Address: 154 Orchard
St., btwn. Stanton & Rivington Sts.

Phone: (212)780-0100

Cuisine:  Vietnamese street food

Vibe: Hush hush
backyard beer garden

Occasion:; Group
dinner; Beer binges; LES dining.

Hours: Dinner; Seven
days a week, Sun-Thu, 5p.m-12a.m., Sat & Sun,5p.m.-2a.m.

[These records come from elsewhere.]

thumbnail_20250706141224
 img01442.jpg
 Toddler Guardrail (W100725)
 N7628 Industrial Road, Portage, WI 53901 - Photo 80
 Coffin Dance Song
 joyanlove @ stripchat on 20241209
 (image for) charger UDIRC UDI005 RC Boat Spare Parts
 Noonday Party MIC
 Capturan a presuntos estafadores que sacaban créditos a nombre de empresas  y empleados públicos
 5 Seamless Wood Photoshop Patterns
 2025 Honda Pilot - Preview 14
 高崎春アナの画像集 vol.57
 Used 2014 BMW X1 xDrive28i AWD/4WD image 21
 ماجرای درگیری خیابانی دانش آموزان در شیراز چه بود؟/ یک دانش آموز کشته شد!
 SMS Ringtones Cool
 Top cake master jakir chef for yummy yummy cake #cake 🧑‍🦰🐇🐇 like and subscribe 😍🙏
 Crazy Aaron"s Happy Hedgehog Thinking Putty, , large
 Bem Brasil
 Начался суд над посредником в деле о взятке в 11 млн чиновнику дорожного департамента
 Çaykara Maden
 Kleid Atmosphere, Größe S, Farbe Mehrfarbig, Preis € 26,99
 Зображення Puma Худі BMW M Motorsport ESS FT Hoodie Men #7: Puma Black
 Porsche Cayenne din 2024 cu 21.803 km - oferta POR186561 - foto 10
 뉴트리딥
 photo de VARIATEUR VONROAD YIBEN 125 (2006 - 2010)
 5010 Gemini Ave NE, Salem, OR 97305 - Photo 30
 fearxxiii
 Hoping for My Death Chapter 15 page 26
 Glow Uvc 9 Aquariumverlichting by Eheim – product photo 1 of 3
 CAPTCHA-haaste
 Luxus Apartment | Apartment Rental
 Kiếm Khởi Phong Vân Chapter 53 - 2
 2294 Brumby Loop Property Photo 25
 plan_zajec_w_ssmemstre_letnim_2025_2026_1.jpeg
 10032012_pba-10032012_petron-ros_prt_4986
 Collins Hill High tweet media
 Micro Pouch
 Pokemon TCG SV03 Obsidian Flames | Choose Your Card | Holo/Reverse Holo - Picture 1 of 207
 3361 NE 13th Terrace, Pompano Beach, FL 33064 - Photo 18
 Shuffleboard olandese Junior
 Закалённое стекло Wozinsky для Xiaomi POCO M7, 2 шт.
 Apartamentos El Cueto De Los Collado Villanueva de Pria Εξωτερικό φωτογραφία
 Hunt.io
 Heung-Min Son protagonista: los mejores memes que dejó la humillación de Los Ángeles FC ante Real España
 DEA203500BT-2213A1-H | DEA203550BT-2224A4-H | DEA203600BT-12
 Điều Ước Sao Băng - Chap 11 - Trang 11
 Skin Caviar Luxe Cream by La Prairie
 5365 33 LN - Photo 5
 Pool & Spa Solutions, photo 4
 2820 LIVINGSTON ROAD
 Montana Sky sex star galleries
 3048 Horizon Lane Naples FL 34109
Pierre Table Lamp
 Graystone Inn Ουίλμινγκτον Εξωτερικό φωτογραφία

Don’t Miss Dish: Crispy pork belly; Duck nem sausage; Baked whole fish.

Average Price:
Appetizers, $10, Entrees, $15, No dessert.

Reservations: No
reservations accepted.

Cash only.
Capsule: An exotic beer oasis on the Lower East Side.

 

Think La Esquina
by way of Vietnam and you’ve got Bia
Garden
, which recently opened on the Lower East Side.  If you’re not the kind of eater that
hunts down restaurants, you might miss it.  But it’s worth discovering.  There’s a dinky grill out front, the kind you’d find in
someone’s backyard in the suburbs.  
Step down a flight of stairs and you’ll find yourself at a take-out
counter where you can grab a bahn mi or bbq rib rolls.  The shelves are stocked with fish sauce
and Café Du Monde coffee cans and there are bags of shrimp crackers hanging over
the kitchen window.   

The hostess mysteriously escorts you through a walk-in
refrigerator door and a hallway lined with beer bottles along one wall and an
open kitchen along the other.  Finally, you stumble upon a covered garden with twirling
ceiling fans overhead, benches, and rough wood tables topped with Café Du Monde
chopstick holders.  There’s a
vibrant mural of Vietnam painted on the back wall.  And you realize the bare bones, take-out counter is a grimy
cover for a hidden courtyard.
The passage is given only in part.